> _EXERCISE DIRECTIONS_: Reproduce verbatim all of the data given below, but do not carry over the images.

> _SOURCE MATERIAL_:
· · · ·
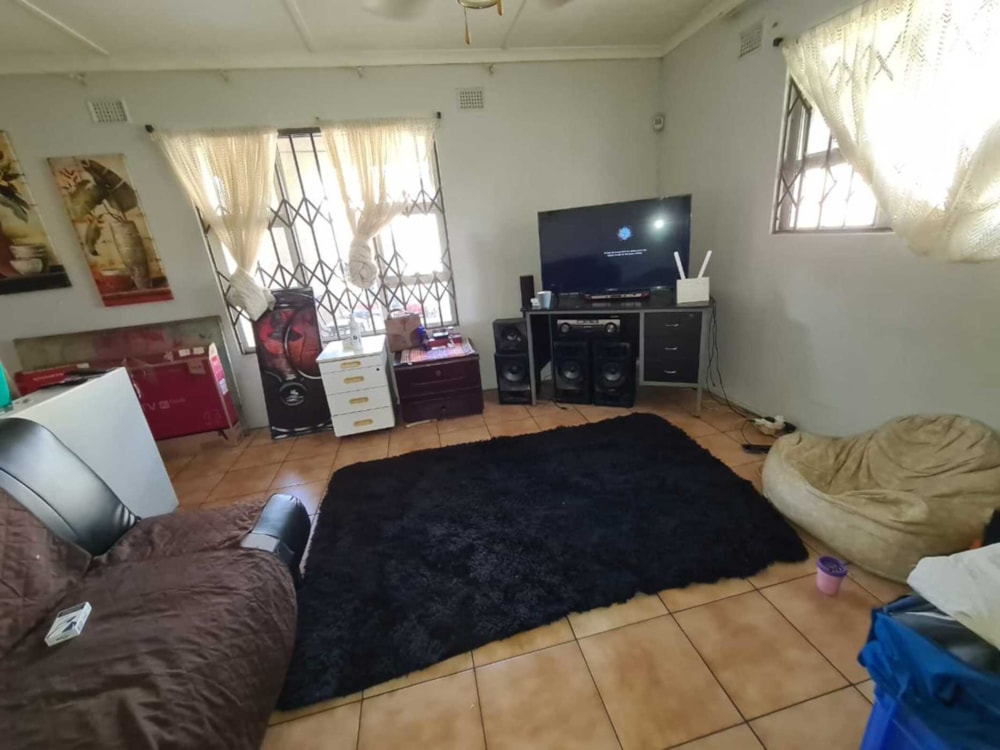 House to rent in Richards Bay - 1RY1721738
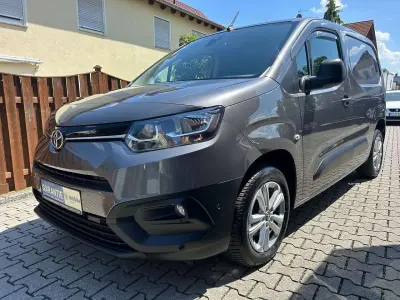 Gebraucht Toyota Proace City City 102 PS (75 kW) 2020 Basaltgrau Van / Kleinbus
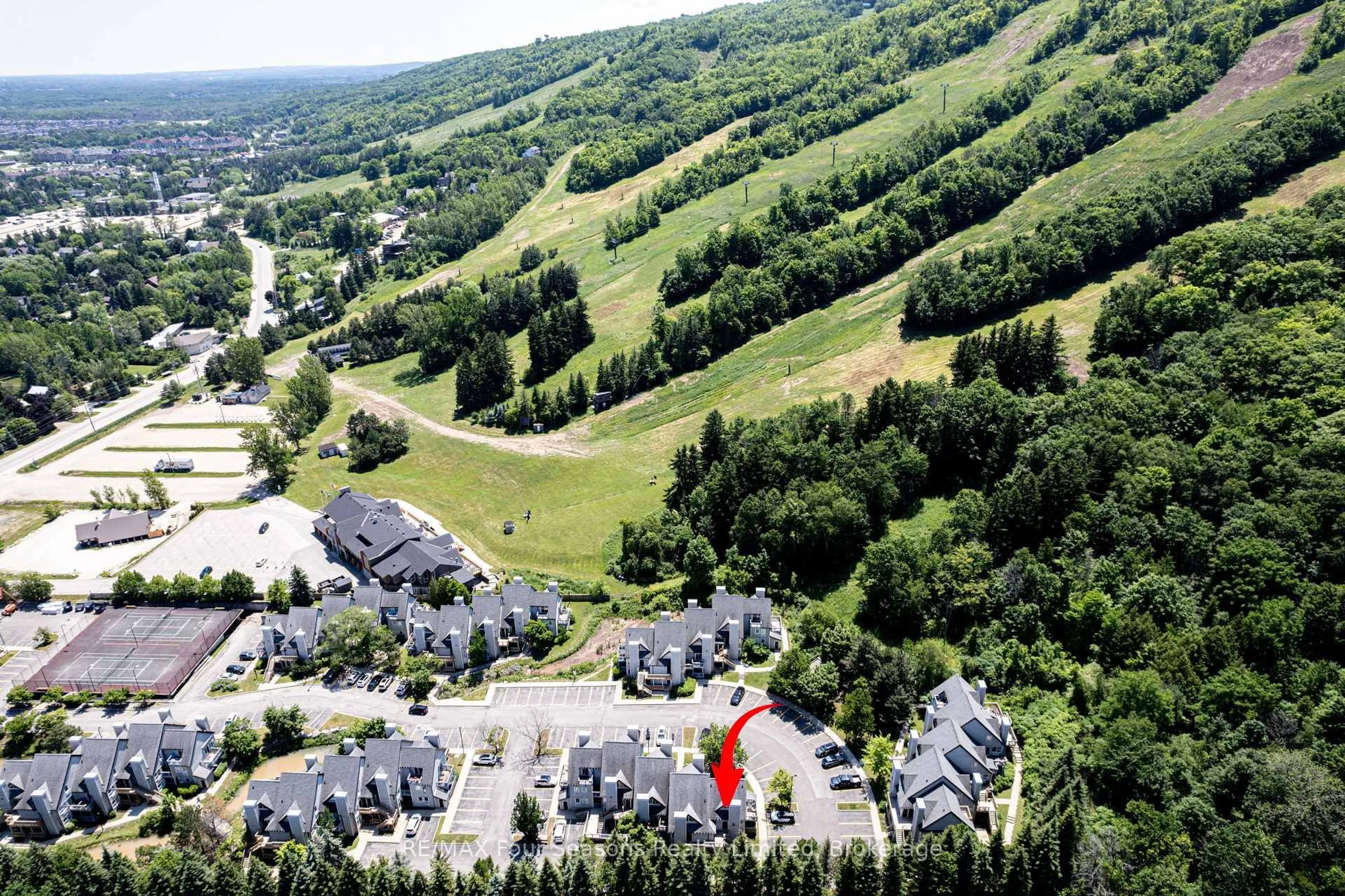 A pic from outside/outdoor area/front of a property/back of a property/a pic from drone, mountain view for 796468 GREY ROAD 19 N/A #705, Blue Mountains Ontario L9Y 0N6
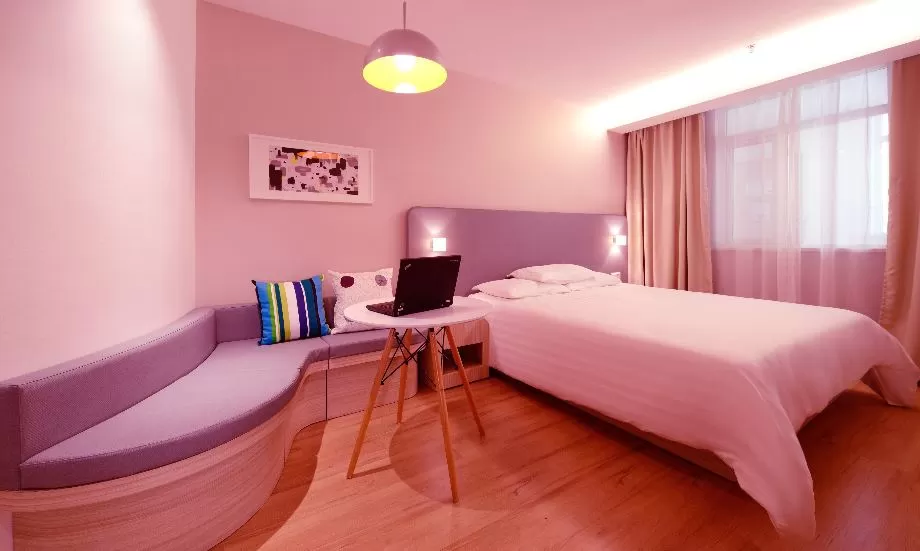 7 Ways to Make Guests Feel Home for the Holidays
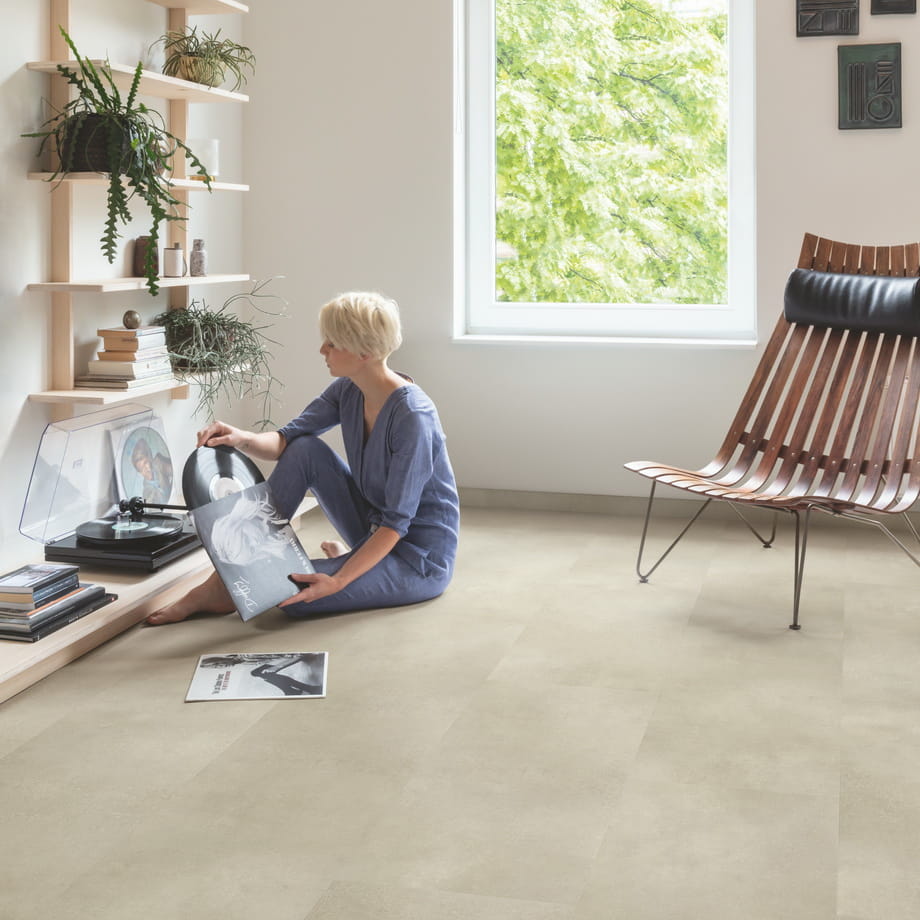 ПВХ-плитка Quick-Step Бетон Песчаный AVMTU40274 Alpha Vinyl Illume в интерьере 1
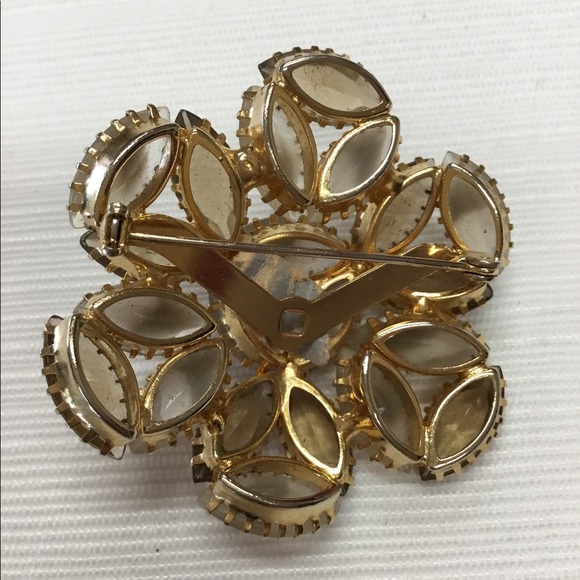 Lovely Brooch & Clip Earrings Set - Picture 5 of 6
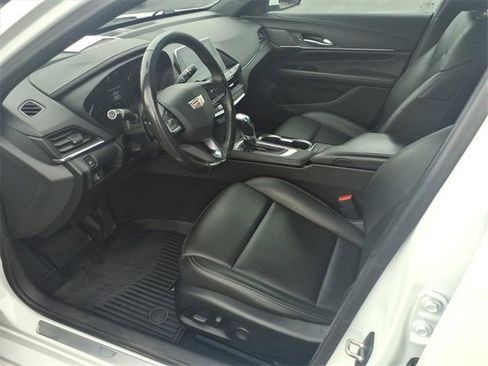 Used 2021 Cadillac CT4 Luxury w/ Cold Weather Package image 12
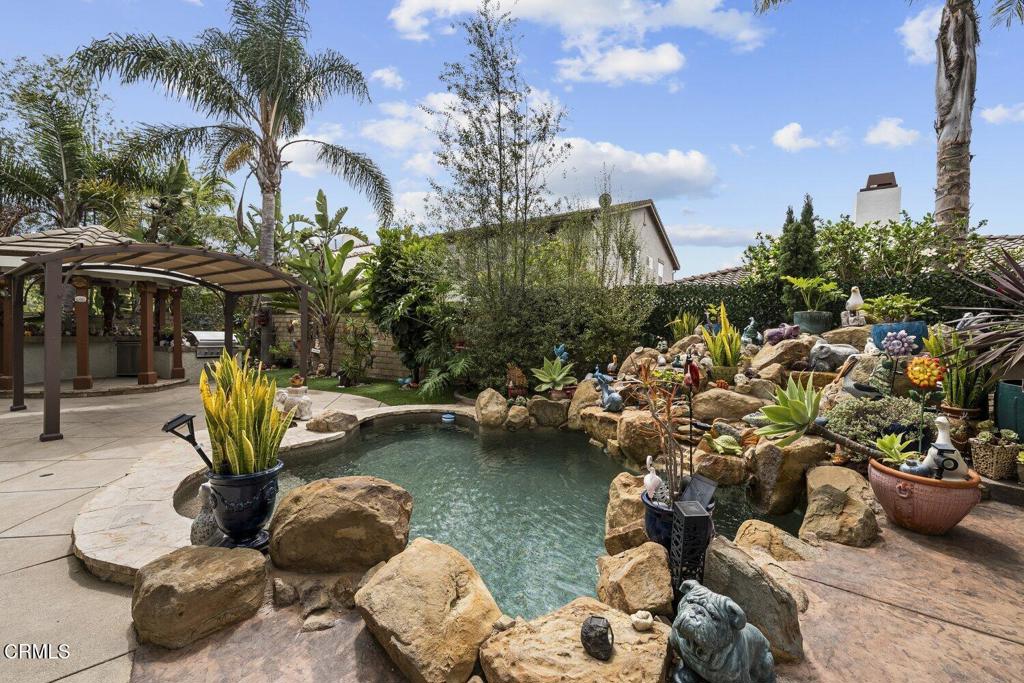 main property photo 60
· · · ·
> _ANSWER AREA_:
 House to rent in Richards Bay - 1RY1721738
 Gebraucht Toyota Proace City City 102 PS (75 kW) 2020 Basaltgrau Van / Kleinbus
 A pic from outside/outdoor area/front of a property/back of a property/a pic from drone, mountain view for 796468 GREY ROAD 19 N/A #705, Blue Mountains Ontario L9Y 0N6
 7 Ways to Make Guests Feel Home for the Holidays
 ПВХ-плитка Quick-Step Бетон Песчаный AVMTU40274 Alpha Vinyl Illume в интерьере 1
 Lovely Brooch & Clip Earrings Set - Picture 5 of 6
 Used 2021 Cadillac CT4 Luxury w/ Cold Weather Package image 12
 main property photo 60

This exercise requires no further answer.